Overly Immersed: Understanding the Two Sides of Flow and their Implications for Mediated Work Environments

  • Giang V. Pham


“Flow” states- which people experience when fully focusing on an activity- are believed to be the key to peak performance and enjoyment at work. However, the positives of flow may have a potential downside- it could facilitate one activity at the cost of others by diverting people’s time and mental resources away from these tasks. The shift to remote work due to Covid-19 has given people more responsibility in terms of holding themselves accountable than what they have in the interpersonal environment. With work being fully mediated, the ability to keep up with- and switch between- tasks has become crucial, and an over engagement due to flow in one task could easily impede this ability and hinder performance. The current paper thus advocates the importance of recognizing flow as a source of both positive and negative outcomes. It aims to identify potential contextual factors that determine when flow in a mediated environment could be beneficial vs. harmful for productivity, thereby providing implications for a systematic detection and intervention of “disruptive” flow experiences in such environments.

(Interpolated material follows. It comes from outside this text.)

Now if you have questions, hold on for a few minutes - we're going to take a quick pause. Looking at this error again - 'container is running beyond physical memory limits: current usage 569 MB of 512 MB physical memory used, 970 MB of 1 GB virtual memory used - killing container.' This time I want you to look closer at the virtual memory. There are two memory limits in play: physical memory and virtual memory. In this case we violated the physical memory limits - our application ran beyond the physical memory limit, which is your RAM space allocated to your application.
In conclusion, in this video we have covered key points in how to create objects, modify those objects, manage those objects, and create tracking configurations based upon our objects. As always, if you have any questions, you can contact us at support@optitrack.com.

mediated work, flow, flow diversion, productivity, goal performance


Giang V. Pham
University of Illinois at Urbana-Champaign

Giang V. Pham is a doctoral student in Media and Communications at the University of Illinois at Urbana-Champaign where she received her Master’s Degree in Advertising. Her research focuses on motivated cognition and factors that impact the consumption, enjoyment, and evaluation of media and advertising. She is particularly interested in the experience of flow in mediated environments and its benefits as well as drawbacks to people’s productivity and enjoyment.